This month (June 2011) sees the real start of the negotiations on the future EU budget framework for the coming years. On Thursday 9 June the Parliament will vote on the opinion prepared by its Policy Challenges Committee setting out its views on the size, structure and duration of the next multi-annual financial framework (MFF).
On 29 June the Commission will publish two legislative proposals, one on future own resources and the other on the MFF. These will be accompanied by impact analyses including of potential new own resources. This will be the first real indication of the Commission’s thinking on the future resources to be made available for the Common Agricultural Policy, although many months of hard negotiating lie ahead before an eventual agreement is reached. The current MFF runs until the end of 2013.

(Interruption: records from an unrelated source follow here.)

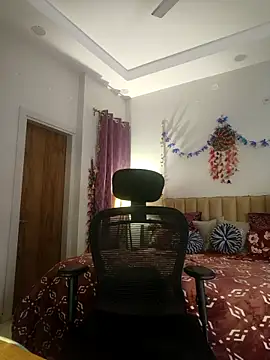 Archi-07 online show from November 18, 6:50 am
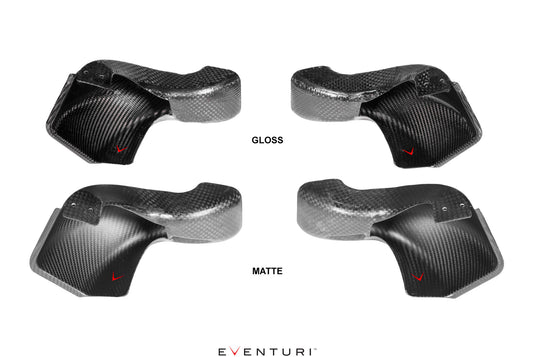 eventuri-carbon-ansaugsystem-fur-bmw-m2-g87-m3-g80-m4-g82-g83-cs-csl-mit-zulassung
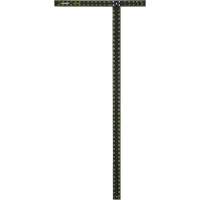 NITE EYE Drywall Square Southpoint Industrial Supply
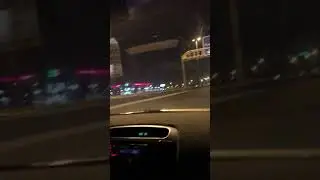 ياحبيب القلوب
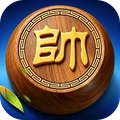 棋心荣耀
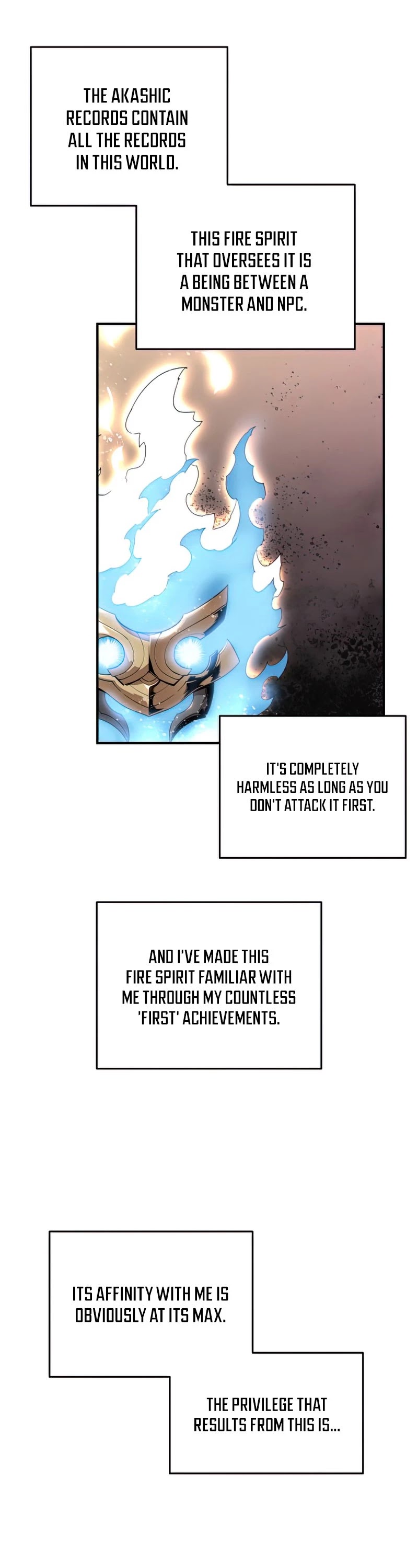 Worn and Torn Newbie chapter 96 page 38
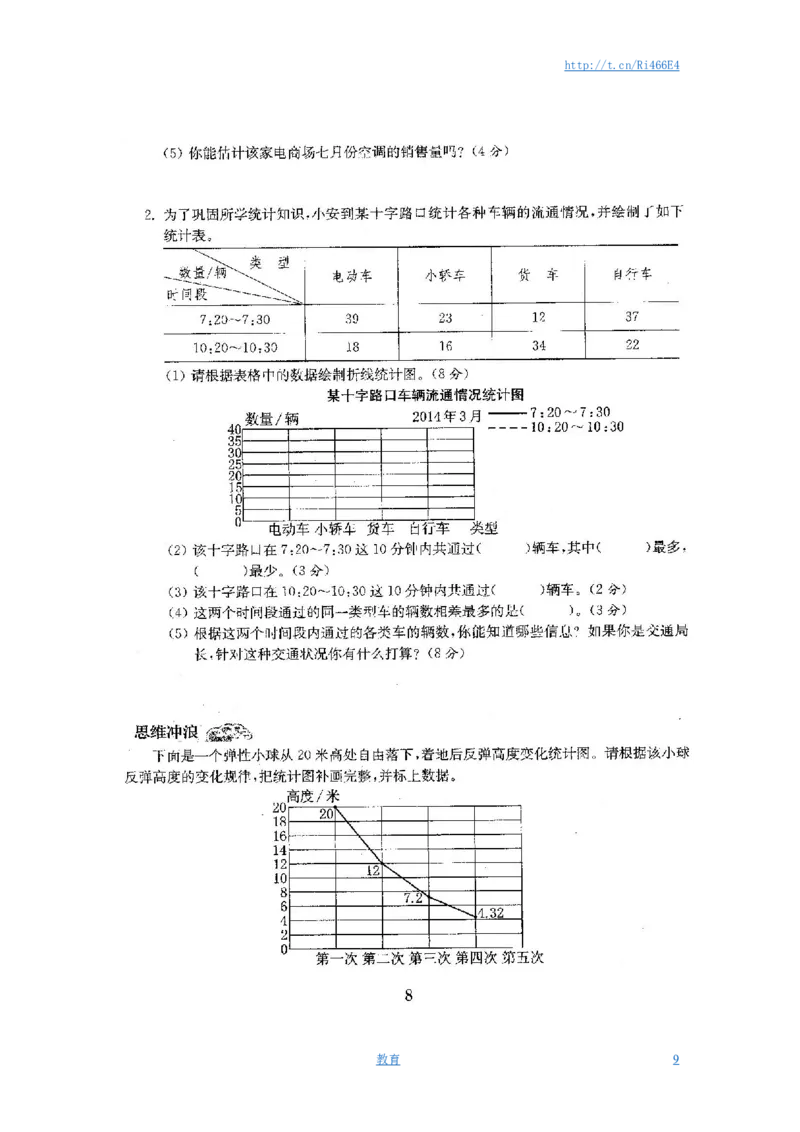 最新苏教版五年级数学下册全程测评卷(全套附答案)_小学1-6年级全部试卷_数学_五年级_3-10-4、小学五年级数学下册_3-10-4-2、练习题、作业、试题、试卷_苏教版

The Policy Challenges Committee report
A year ago, the Parliament set up a special committee on the policy challenges and budgetary resources for a sustainable European Union after 2013, also known as the SURE or Policy Challenges Committee. Its remit was to prepare the Parliament’s opinion on the political priorities for the post-2013 period and on the necessary budgetary resources to implement these priorities.
The Committee’s report (which given its wide representation will likely be approved by the Parliament as a whole) includes the following recommendations:
An overall increase in the EU budget of 5% (from 1.06% to 1.11% in commitment appropriations measured in 2013 prices)
A spending structure divided into six headings. Four of these would cover internal policies (knowledge, cohesion, natural resources and sustainable development, and citizenship, freedom, security and justice), a fifth would cover external policies and the sixth administration.
Continues to favour the replacement of the GNI-based own resource with alternative taxes directly under EU control
Funding for agricultural and regional policy to remain at current levels
Calls for the creation of a ‘global MFF margin’ to give the EU flexibility to respond to unexpected events
The MFF to last for one further 7-year cycle to 2020 and then to move to a 5+5 cycle to bring it more into line with the Parliament’s 5-year mandates.
Powers of the Parliament
The Parliament’s powers under the Lisbon Treaty differ with respect to the financing and spending sides of future EU budgets. The EU’s own resources are decided using the consultation procedure, where the Council decides unanimously after noting the opinion of the Parliament. Decisions to introduce a new own resource or to abolish an existing one must also be approved by the Member States in line with their respective constitutional requirements.
The spending side of the MFF is decided using the consent procedure. This means that the draft outline is prepared unanimously by the Council and is then forwarded for adoption (or rejection) by a majority of the members of the Parliament. The Parliament does not have the power to propose amendments.
However, the Treaty further notes that ‘Throughout the procedure leading to the adoption of the financial framework, the European Parliament, the Council and the Commission shall take any measure necessary to facilitate its adoption.’ The Parliament believes that this imposes an obligation on both the Council and the Commission to carry out negotiations to prepare a text on which the Parliament can agree. It will be interesting to see how this works out in practice.
Can the Parliament learn to say no?
The difficulty is that the Parliament does not show itself to be a credible negotiating partner. The SURE report is just a shopping list of desirable and not-so-desirable programmes and projects for which increased funding is sought. There is not one paragraph in the document where the SURE committee feels that there is even the slightest possibility that EU spending might be reduced. This inability of the Parliament to prioritise, even in the light of the huge fiscal challenges and austerity programmes being undertaken by many EU member states, strips it of any moral authority to be taken seriously in the coming negotiations on the MFF.
Update Wednesday 15 June 2011
The Parliament as expected voted in favour of this report on 8 June last. The debate can be read here.
In passing, it is interesting to note the comments of Richard Ashworth, of the ECR Group, which echoes the conclusion of my post:
In the Special Committee on Policy Challenges and Budgetary Resources for a Sustainable European Union after 2013 we rightly talked about priorities, but then we never acted on it. There was no evidence of a willingness to take tough choices, the kind of choices which are being taken by governments all over Europe at this time.